Similarly, diarrhea has been mostly limited to Grade 1 and 2 events (22% across the dose range) as of the data cutoff, with a single Grade ≥3 TRAE at the highest dose tested to date, 150 mg BID, which resolved with supportive care. No prophylactic regimen has been required to ameliorate the incidence or severity of diarrhea to date.
Overall Efficacy:
Objective partial responses (PR) were observed in 21 of 42 (50%) response evaluable patients treated across all dose levels.
Of the 21 PRs as of the data cutoff, 13 were confirmed (31% confirmed objective response rate), 5 were pending confirmation (i.e., patient had not reached their second post-baseline disease assessment as of the data cutoff), and 3 will remain unconfirmed.
41 of 42 (98%) response evaluable patients have achieved a best response of stable disease (SD) or PR, with 76% of all patients showing some degree of tumor regression at the initial scan post baseline (week 6).

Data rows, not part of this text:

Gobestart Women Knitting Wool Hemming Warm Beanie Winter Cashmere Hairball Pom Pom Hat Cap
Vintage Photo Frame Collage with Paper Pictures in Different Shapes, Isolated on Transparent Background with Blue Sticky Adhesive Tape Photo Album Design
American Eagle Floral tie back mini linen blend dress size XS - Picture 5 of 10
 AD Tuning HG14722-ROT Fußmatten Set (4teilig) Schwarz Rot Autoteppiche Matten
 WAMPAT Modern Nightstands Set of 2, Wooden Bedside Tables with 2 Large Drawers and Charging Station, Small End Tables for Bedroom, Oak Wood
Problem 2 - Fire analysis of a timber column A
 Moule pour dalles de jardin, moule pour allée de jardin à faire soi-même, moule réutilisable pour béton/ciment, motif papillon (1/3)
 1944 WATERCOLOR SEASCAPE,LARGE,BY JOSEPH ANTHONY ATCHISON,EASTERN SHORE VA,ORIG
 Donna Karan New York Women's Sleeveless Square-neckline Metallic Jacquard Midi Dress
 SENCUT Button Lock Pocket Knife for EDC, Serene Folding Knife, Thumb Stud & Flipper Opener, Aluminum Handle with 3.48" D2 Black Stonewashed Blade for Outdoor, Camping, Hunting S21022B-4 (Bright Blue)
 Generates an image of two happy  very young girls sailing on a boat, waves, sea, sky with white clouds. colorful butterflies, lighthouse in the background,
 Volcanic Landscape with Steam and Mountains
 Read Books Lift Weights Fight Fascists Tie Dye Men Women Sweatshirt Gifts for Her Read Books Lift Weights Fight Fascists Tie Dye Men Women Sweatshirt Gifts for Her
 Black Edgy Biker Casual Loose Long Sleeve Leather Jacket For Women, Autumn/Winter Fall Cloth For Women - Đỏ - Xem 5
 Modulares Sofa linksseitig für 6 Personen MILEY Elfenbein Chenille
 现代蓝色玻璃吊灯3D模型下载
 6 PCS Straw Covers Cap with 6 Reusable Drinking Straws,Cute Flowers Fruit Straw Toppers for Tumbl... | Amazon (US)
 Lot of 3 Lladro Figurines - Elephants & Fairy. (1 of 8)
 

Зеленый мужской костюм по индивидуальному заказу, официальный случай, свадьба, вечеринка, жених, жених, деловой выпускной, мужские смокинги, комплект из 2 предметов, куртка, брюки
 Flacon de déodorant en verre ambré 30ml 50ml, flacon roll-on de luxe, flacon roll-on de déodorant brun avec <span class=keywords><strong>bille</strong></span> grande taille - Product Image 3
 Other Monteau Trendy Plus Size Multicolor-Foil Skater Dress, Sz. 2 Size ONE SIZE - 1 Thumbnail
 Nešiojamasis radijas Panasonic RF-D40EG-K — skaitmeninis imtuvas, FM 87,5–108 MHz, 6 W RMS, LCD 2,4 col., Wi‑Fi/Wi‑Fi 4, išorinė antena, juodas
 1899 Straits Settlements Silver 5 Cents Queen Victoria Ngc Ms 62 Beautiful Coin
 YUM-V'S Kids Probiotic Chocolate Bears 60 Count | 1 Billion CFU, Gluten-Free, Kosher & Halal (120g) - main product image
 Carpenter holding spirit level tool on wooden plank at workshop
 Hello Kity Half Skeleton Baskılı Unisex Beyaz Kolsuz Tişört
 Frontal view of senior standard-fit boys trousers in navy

100 mg BID Expansion Cohort:
In February 2021, Cullinan announced a Phase 2a expansion at the 100mg BID cohort, allowing enrollment of up to 36 patients.
Safety: Treatment-related rash has been limited to Grade 1 and 2 events (66%), manageable with conventional supportive care; no patients have experienced Grade ≥3 TRAE rash. In addition, the overall incidence of treatment-related diarrhea was 26%, with no Grade ≥3 events to date.
Efficacy: As of the data cutoff, objective responses were observed in 7 of 13 (54%) response evaluable patients; 6 of which were confirmed (46%) and 1 will remain unconfirmed.
Of the 13 response evaluable patients, 9 (69%) patients achieved disease control (PR of any duration or SD ≥ 6 months) as of the data cutoff; an additional 3 patients had stable disease and remained on treatment but had started therapy less than 6 months prior to data cutoff.
"We are pleased with the CLN-081 safety and efficacy data to date in our Phase 1/2a trial. CLN-081 has demonstrated antitumor activity in patients post systemic chemotherapy, including among patients who were also treated previously with other EGFR inhibitors and/or cancer immunotherapy, across the range of CLN-081 doses tested to date, and across a spectrum of exon-20 mutational sub-types," said Jon Wigginton, M.D., Chairman of the Cullinan Oncology Scientific Advisory Board and Senior Advisor. "We are working diligently to evaluate CLN-081 in additional patients, and to set the stage for further clinical advancement of CLN-081 in this group of patients with significant unmet need."
About CLN-081
CLN-081 is an orally available, irreversible EGFR inhibitor that was designed to selectively target cells expressing mutant EGFR variants, including Ins20, while sparing cells expressing wild type EGFR. In preclinical studies, CLN-081 demonstrated inhibition against traditional sensitizing mutations (exon 19 deletions and L858R), Ins20 (the third most common EGFR mutation), and other less common mutations (G719X, L861Q, and S768I).
Cullinan is evaluating various doses of CLN-081 in a Phase 1/2a trial in patients with NSCLC harboring Ins20 mutations that have progressed post chemotherapy. Based on pre-specified efficacy and safety criteria, Cullinan recently initiated Phase 2a dose expansion in the 100 mg BID dosing cohort, which will enable enrollment of up to 36 patients at this dose level, inclusive of 13 previously enrolled patients.